* _What this task involves_
Could you please output all of the data exactly, without the images?

* _Collected data_
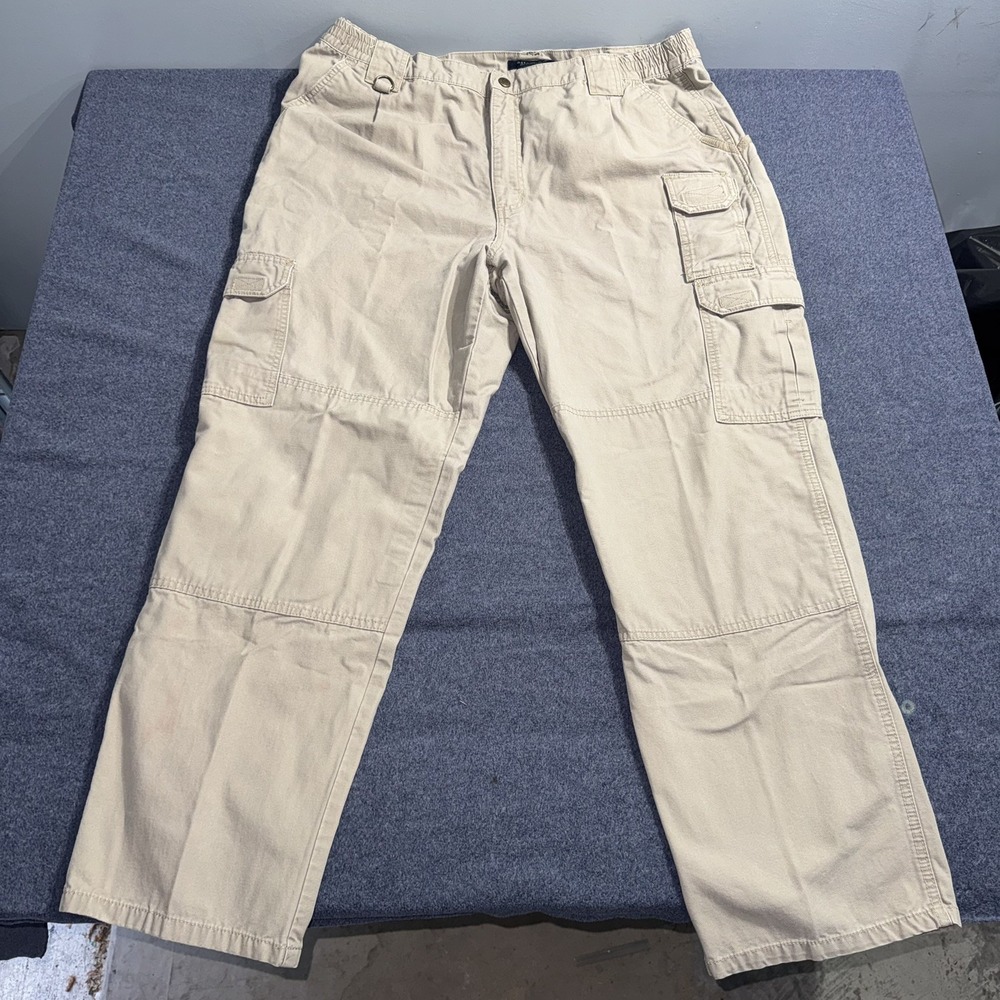 5.11 Tactical Cargo Pants Khaki Mens 40x32 Double Knee Cotton Canvas Utility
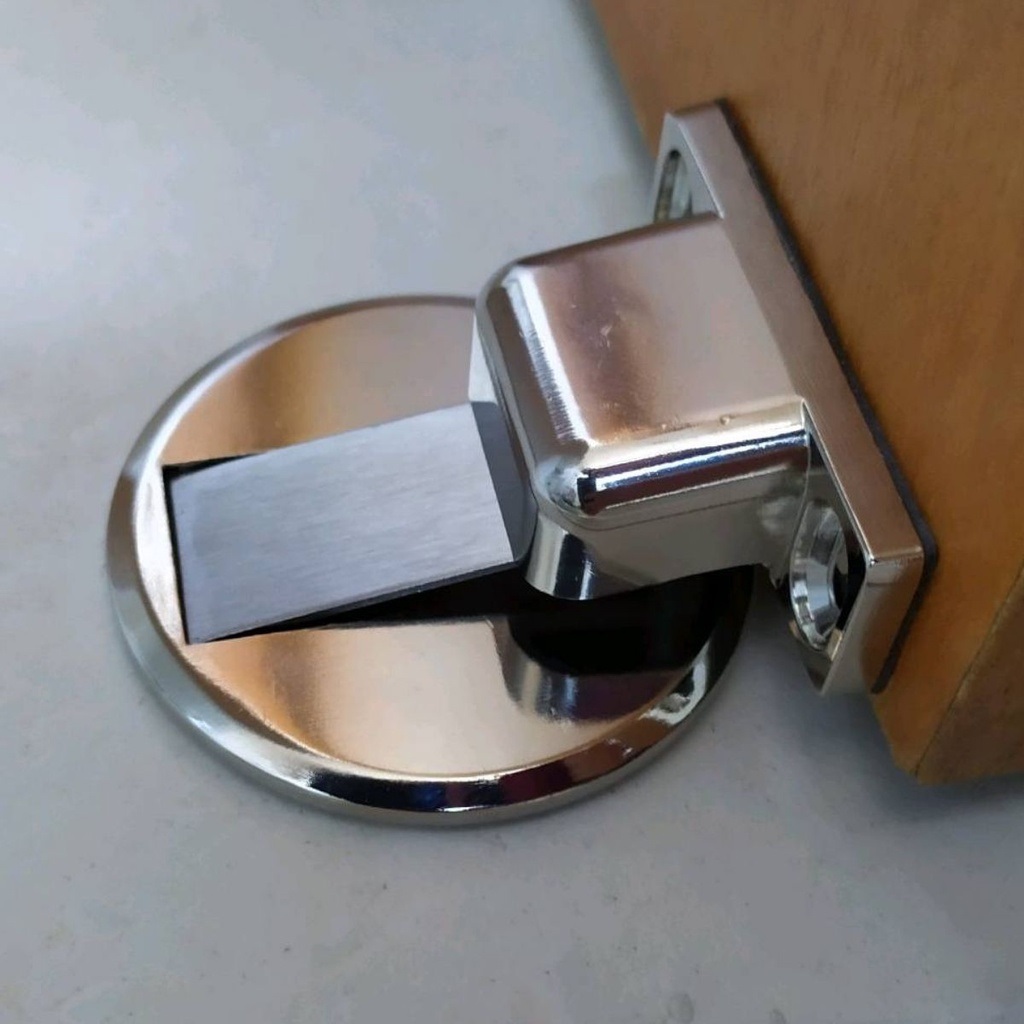 Prendedor Trava de Porta Magnético Slim Inox Cromado Com Atração Magnética Forte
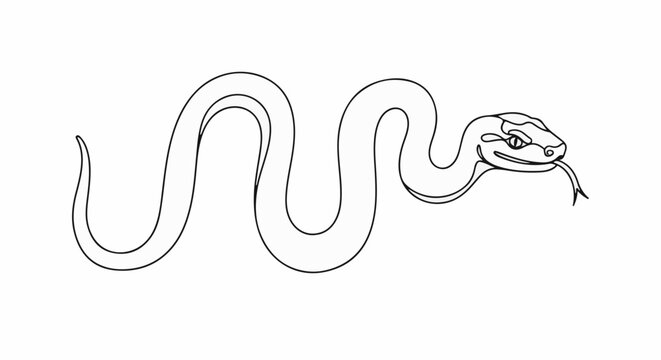 Simple line art of a serpentine creature with its tongue flicking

* _Task solution_
 5.11 Tactical Cargo Pants Khaki Mens 40x32 Double Knee Cotton Canvas Utility
 Prendedor Trava de Porta Magnético Slim Inox Cromado Com Atração Magnética Forte
 Simple line art of a serpentine creature with its tongue flicking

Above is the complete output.